I've tried pseudo-tapered Chinese tubes several times over the years and never took to them. I couldn't get them to stay tied or they wore out really fast or I shot poorly with them or some combination of the above. 
I made a set yesterday and shot them all evening and then this morning and I think I'm warming up to them. They're not slipping, not wearing out, and I'm shooting as well with them as I am with anything else right now. 
The set is made is 2040, 7.25" active with a 3.5" looped section. Draw length is about 40" and draw weight feels like nothing but speed is very good with 3/8" steel. I'd guess 215 fps or so.
Never stop trying new things or retrying old ones!


----------



## mattwalt (Jan 5, 2017)

I like them. 2040 Pseudo works great on 6mm steel as well. I use 1842 for 9,5mm.
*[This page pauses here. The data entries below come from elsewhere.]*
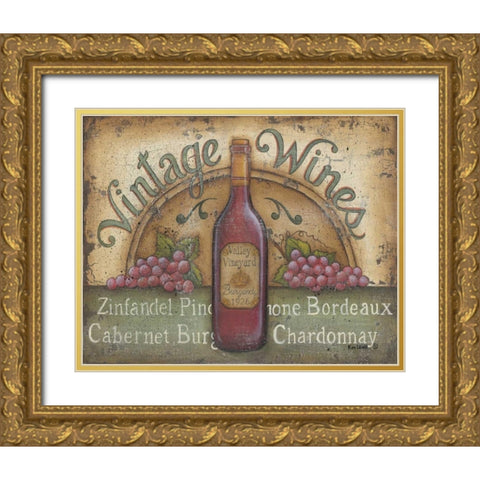 Vintage Wines Gold Ornate Wood Framed Art Print with Double Matting by Lewis, Kim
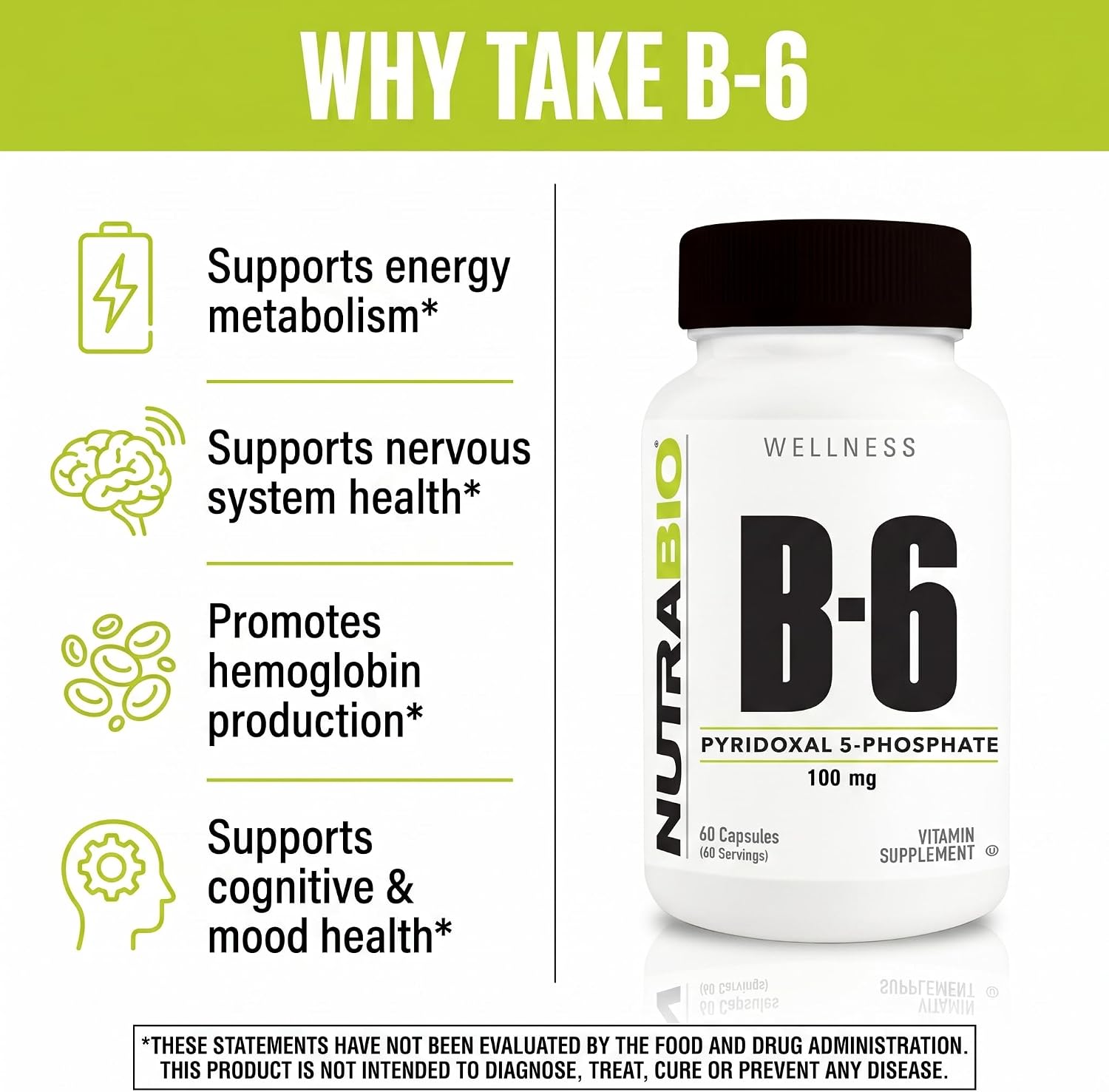 NutraBio Vitamina B6 P5P (Piridoxal 5-Fosfato) 100 mg por dosis - 60 cápsulas vegetales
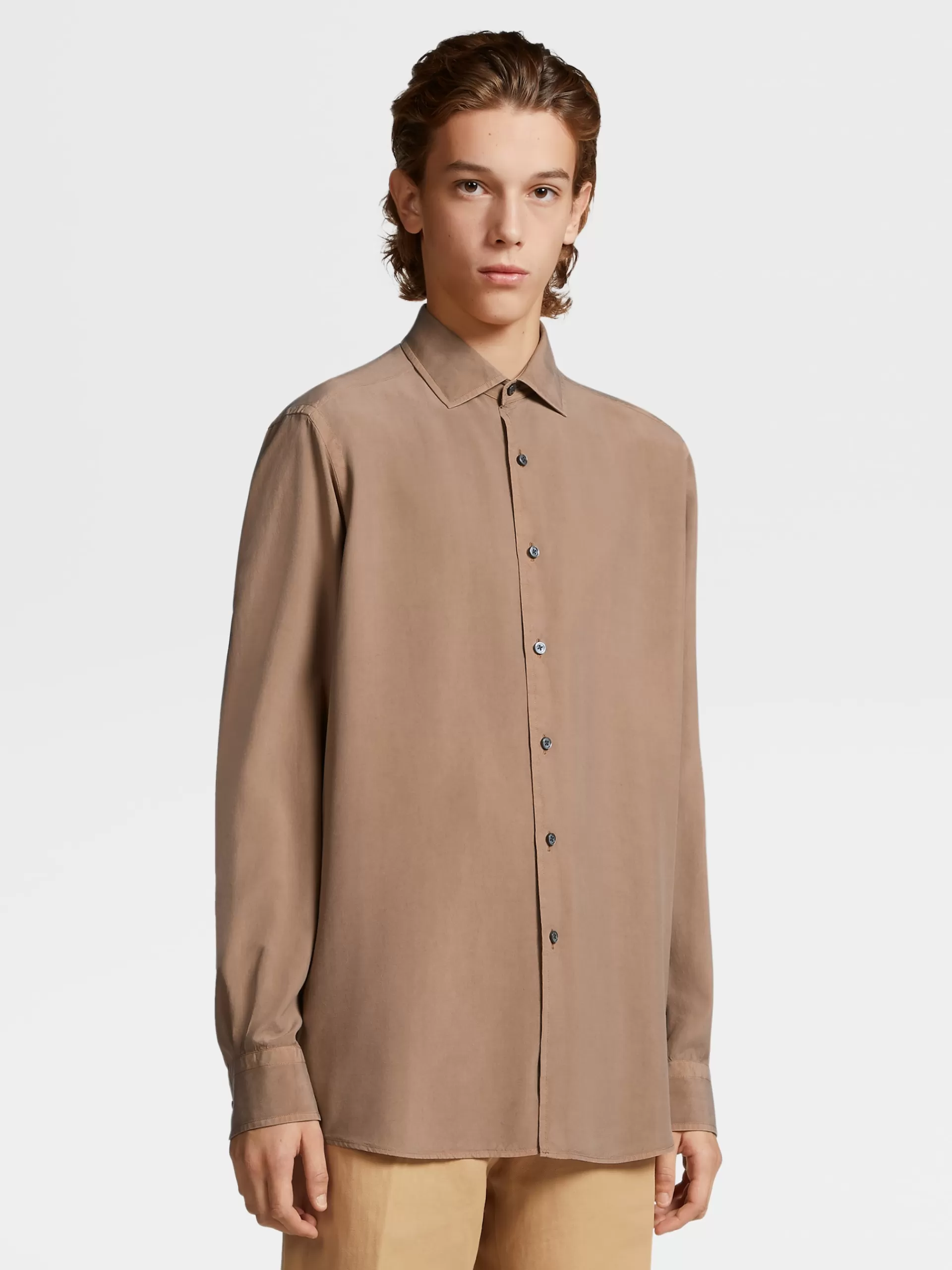 Cheap ZEGNA Chemise A Manches Longues En Soie Pure Teinte En Piece Camel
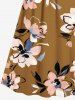 Plus Size Flower Leaf Print Hawaii Surplice A Line Cami Dress -  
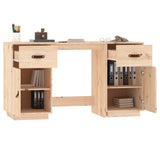 Desk with Cabinets 135x50x75 cm Solid Wood Pine - 45-Degree Angle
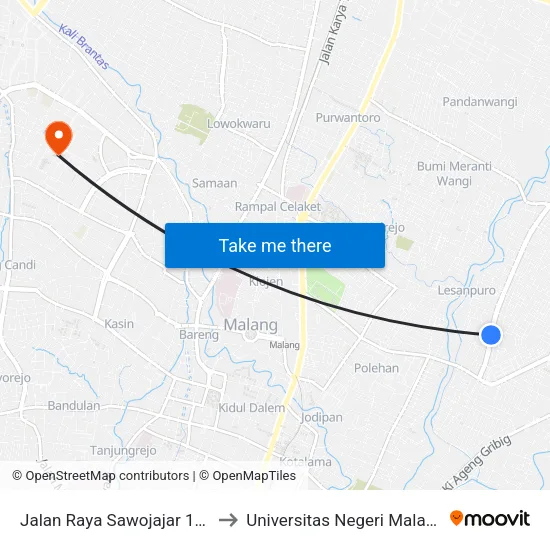 Jalan Raya Sawojajar 100 to Universitas Negeri Malang map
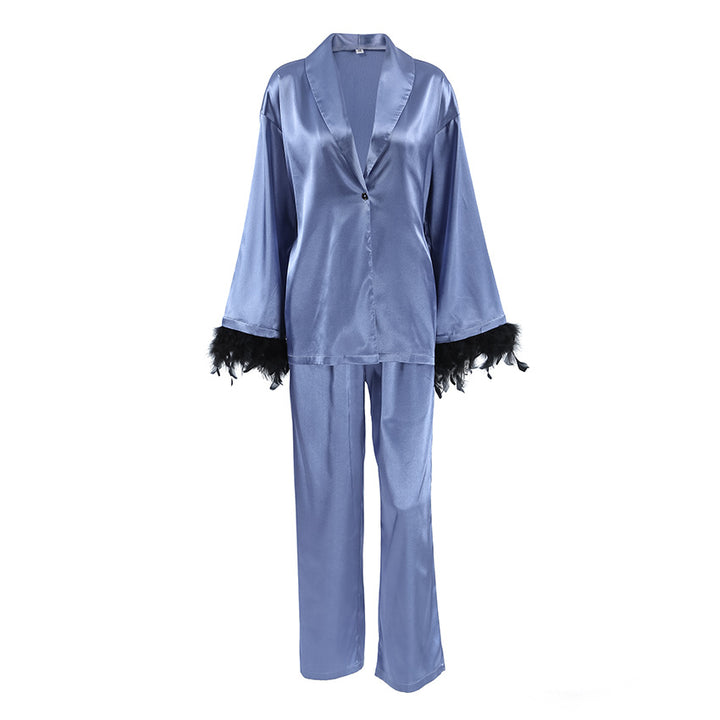 Dame satin casual lounge-sæt med elegante fjer Stilla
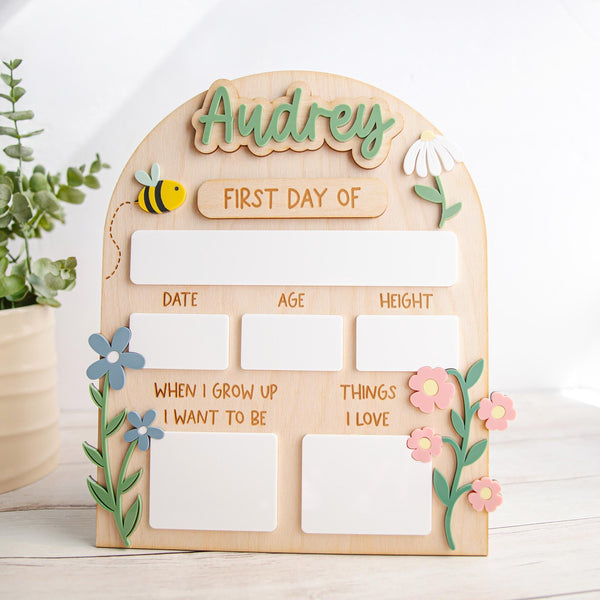 Personalized First & Last Day of School Sign - Wildflowers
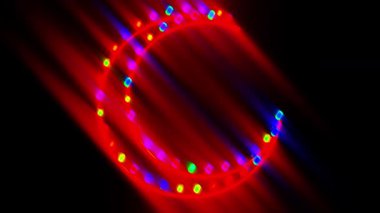 Neon İzli Dönen RGB Hilal Işık Halkası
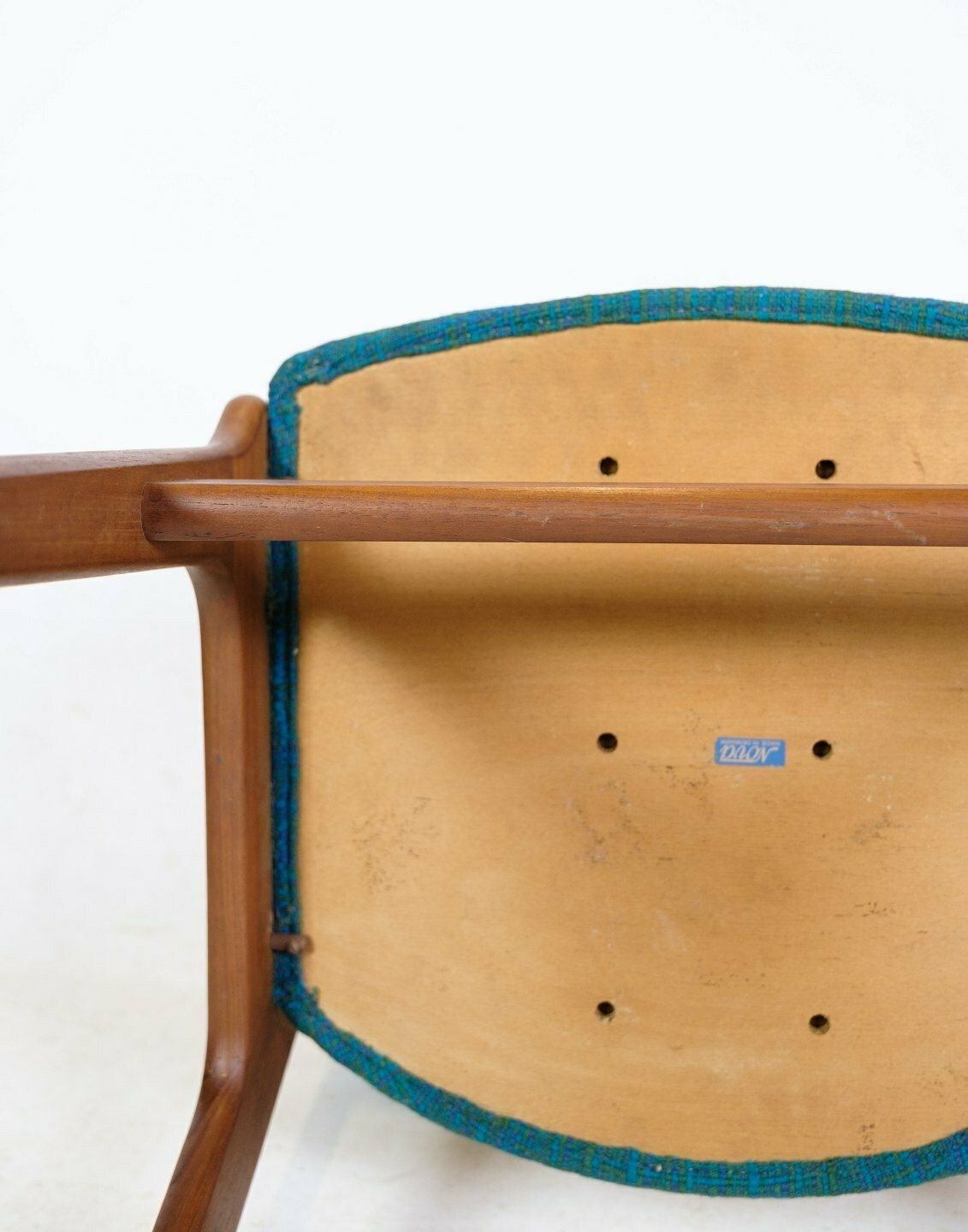 Set Of Four Dining Chairs In Teak And Light Blue Fabric Of Danish Design By Nova Møbelfabrik From 1960s photo vintage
I have come up with a workable tying method - I also had loads of slippages in the past.


----------



## treefork (Feb 1, 2010)

It looks like you're pre-strecthing and securing with a constrictor knot ? What are you doing differently before ?


----------



## 3danman (Mar 29, 2012)

Nice frame  I still prefer singles to pseudos at the moment, I think I need to find a more efficient way of tying a proper set of pseudos because it takes me a while. Glad you're liking it though!


----------



## M.J (Nov 1, 2010)

treefork said:


> What are you doing differently now ?


Pre-stretching and securing with a constrictor knot.


----------



## M.J (Nov 1, 2010)

3danman said:


> Nice frame  I still prefer singles to pseudos at the moment, I think I need to find a more efficient way of tying a proper set of pseudos because it takes me a while. Glad you're liking it though!


It is a fine frame, for sure!
Thanks again :thumbsup:


----------



## SLINGDUDE (Aug 15, 2018)

I like em! especially on those bent rod frames.


----------